The Guardian (UK) interview with Toni Morrison (2012)

“A Life in Language” might be the subtitle for an engaging interview with Morrison I’ve just found in Britain’s The Guardian newspaper, dating from April 2012.

The discussion ranges widely through Morrison’s work; her childhood; politics and culture; and, at the end, the untimely death of a son.  Morrison relates everything she says back to language – its use and misuse – which makes the interview germane to our purposes.

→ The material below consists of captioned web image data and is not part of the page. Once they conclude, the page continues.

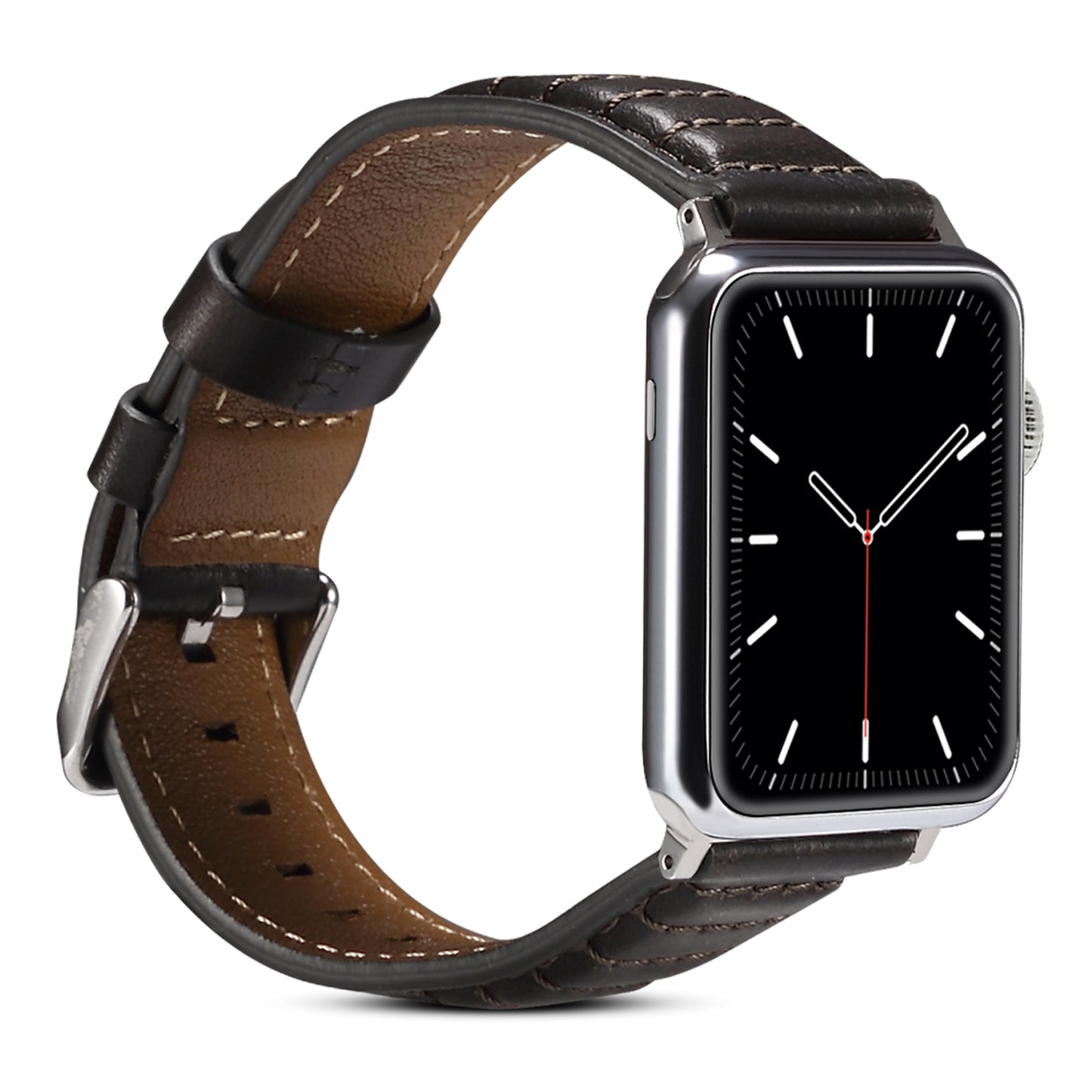 For Apple Watch Series 8 / 7 41mm / SE / SE (2022) / 6 / 5 / 4 40mm / 3 / 2 / 1 38mm Watch Strap Waxy Cowhide Leather Watchband - Black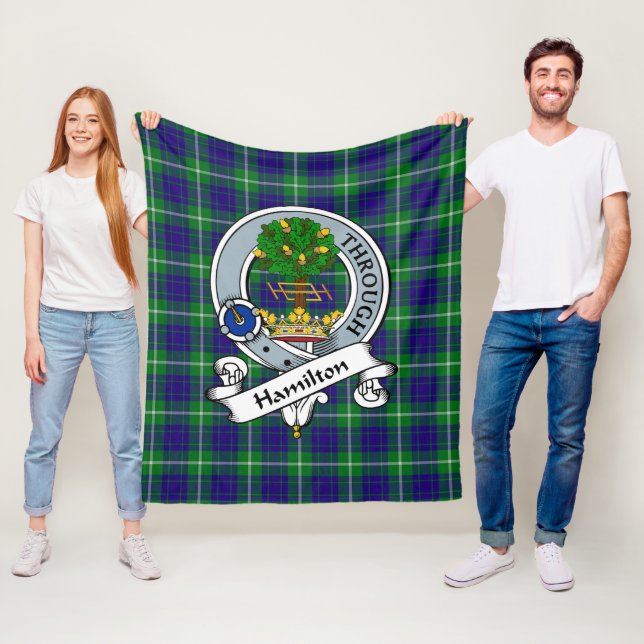 Hamilton Hunting Clan Abzeichen Tartan Kariert Fleecedecke (Beispiel)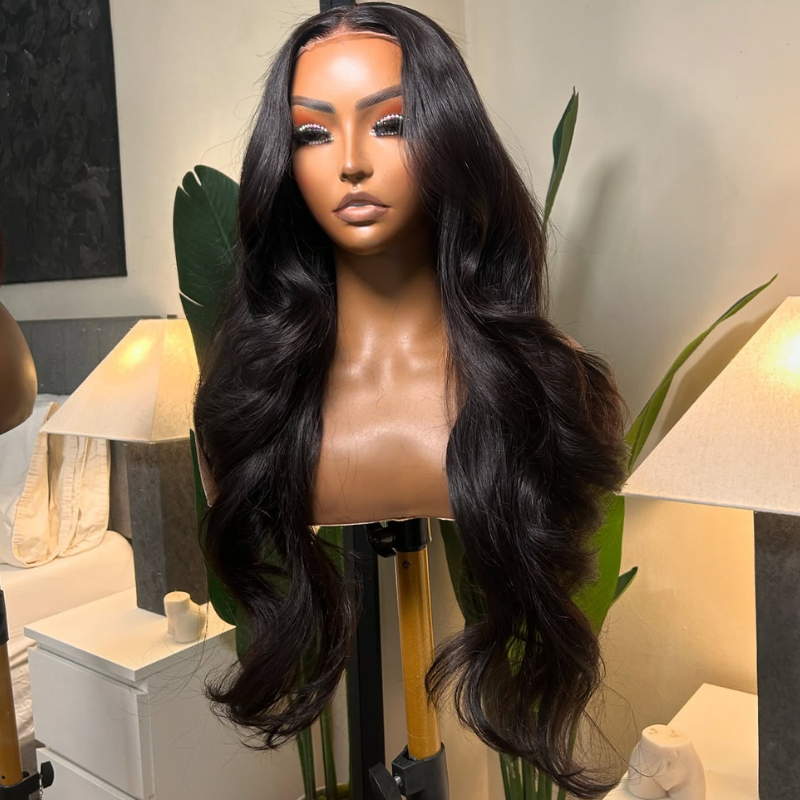 VIYA Full Size™ Glueless 13x6 HD Lace Frontal All Pre Styled Body Wave Natural Black Wig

Here’s a direct link to the Guardian article.html

I’ve also put the text of the article into a PDF file which you can download and read at your leisure:

Toni Morrison Guardian Interview.pdf


Excerpts from the article [I retain the British spelling]:

When Morrison was 17, she had tried out a thought experiment. … On the news, she had seen footage of some white mothers in the south trying to turn over a school bus with black children in it. “I didn’t know if I could turn over a bus full of little white kids. I didn’t know if I could feel that … fury. And I tried very hard to. This is what I did: I said suppose horses began to speak. And began to demand their rights. Now, I’ve ridden horses. They’re very good workers. They’re very good racehorses. Suppose they just want more. Suppose they want to go to school! Suppose they want to sit next to me in the theatre. I began to feel this sense of – ‘I like you, but…’; ‘You’re good, but…’ Suppose they want to sleep with my children?!” She’s laughing heartily now. “I had to go outside the species! But it worked, I could feel it. You know; don’t sit next to me.”


[Her novel Home] is dedicated to her son, Slade, who died 18 months ago and in the face of whose death she found herself wordless. She could not work. She could barely speak and didn’t want to hear comforting words from others.

“What do you say? There really are no words for that. There really aren’t. Somebody tries to say, ‘I’m sorry, I’m so sorry.’ People say that to me. There’s no language for it. Sorry doesn’t do it. I think you should just hug people and mop their floor or something.”


“I used to think there was a Republican attitude and language that, although I vehemently disagreed with it because I thought it was fraudulent, it wasn’t dumb. It made some sort of sense. If you really and truly think that the United States is free, and capital is free – none of that’s true, but if you really believe it – you can develop an argument that’s not embarrassing. But they don’t do that any more. They use coded words.”

[Editor:  Such as Newt Gingrich referring to Obama as the “food-stamp president”; Mitt Romney accusing him of wanting America to be a “welfare state”; etc.]